#### Action item
Your task is to reproduce the listing exactly, without its images.

#### Exercise data
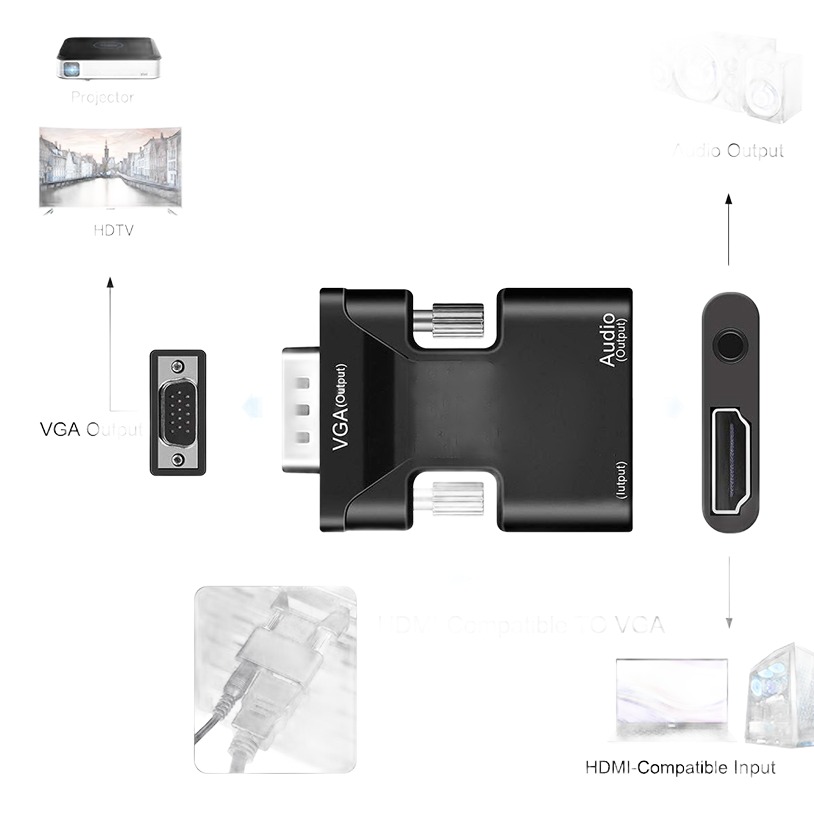 Adaptateur HDMI vers VGA avec sortie audio 3,5 mm Adaptateur HDMI vers VGA avec sortie audio 3,5 mm, vue de trois quarts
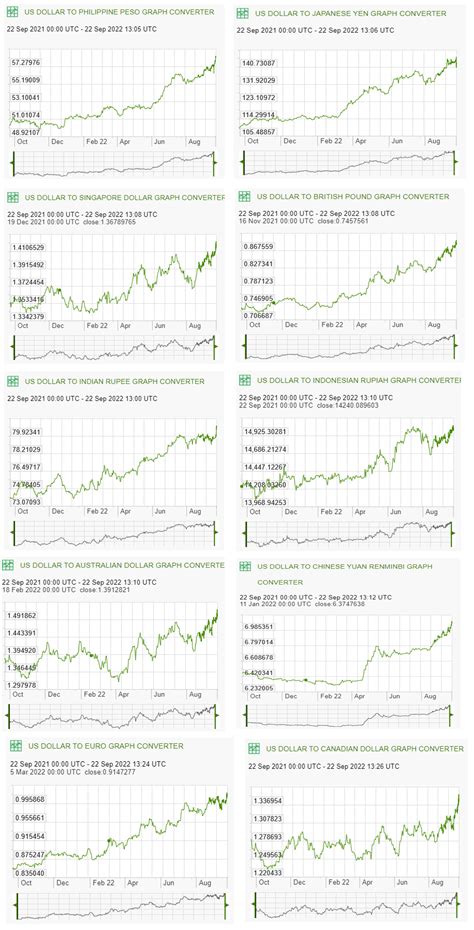 USD exchange rates across 10 different currencies for the past year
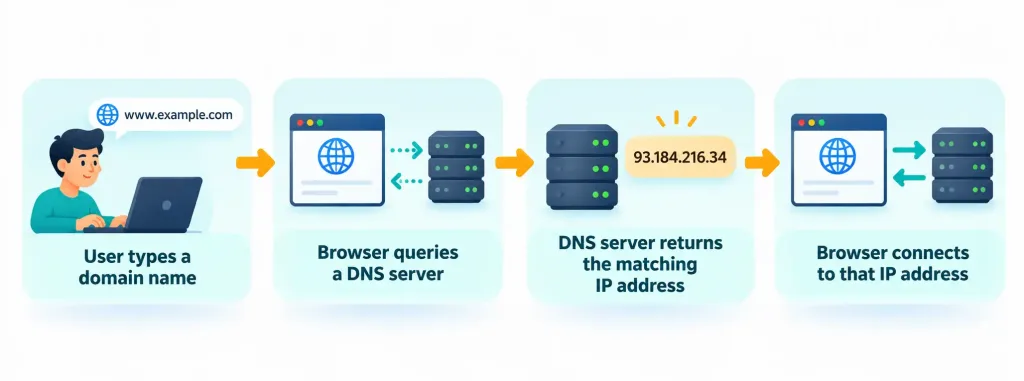 Lesson 2.8: Basic Networking Concepts 4 Flowchart Showing How A Browser Uses Dns To Translate A Domain Name Into An Ip Address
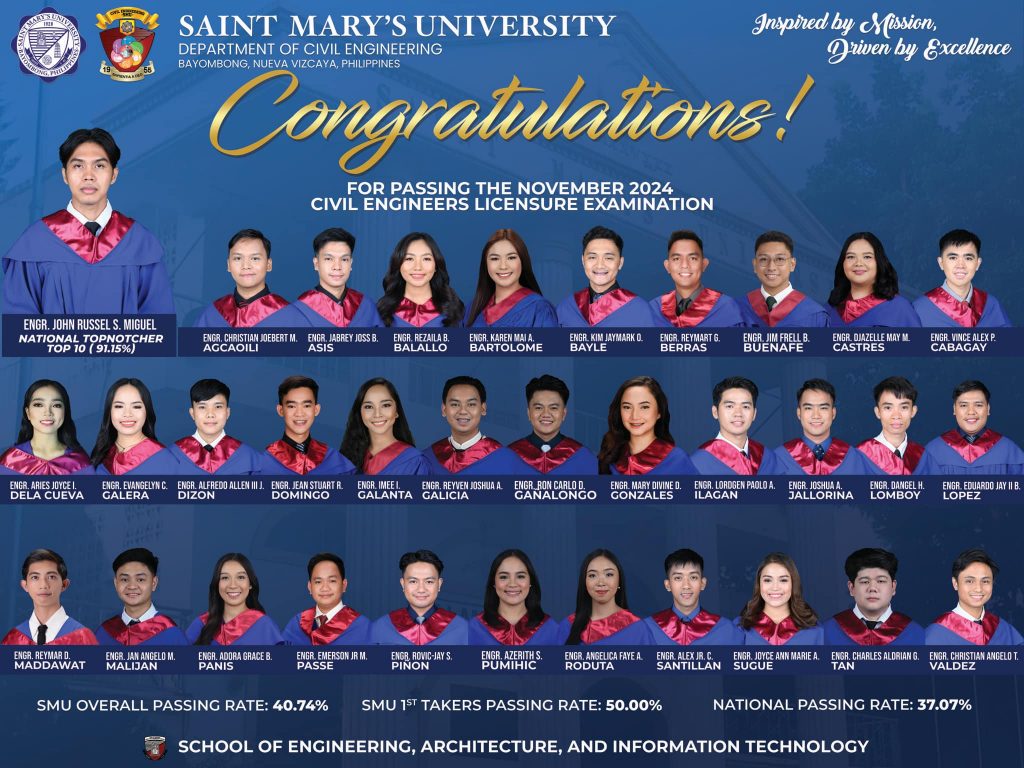new 33 Marians CE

#### Solution
 Adaptateur HDMI vers VGA avec sortie audio 3,5 mm Adaptateur HDMI vers VGA avec sortie audio 3,5 mm, vue de trois quarts
 USD exchange rates across 10 different currencies for the past year
 Lesson 2.8: Basic Networking Concepts 4 Flowchart Showing How A Browser Uses Dns To Translate A Domain Name Into An Ip Address
new 33 Marians CE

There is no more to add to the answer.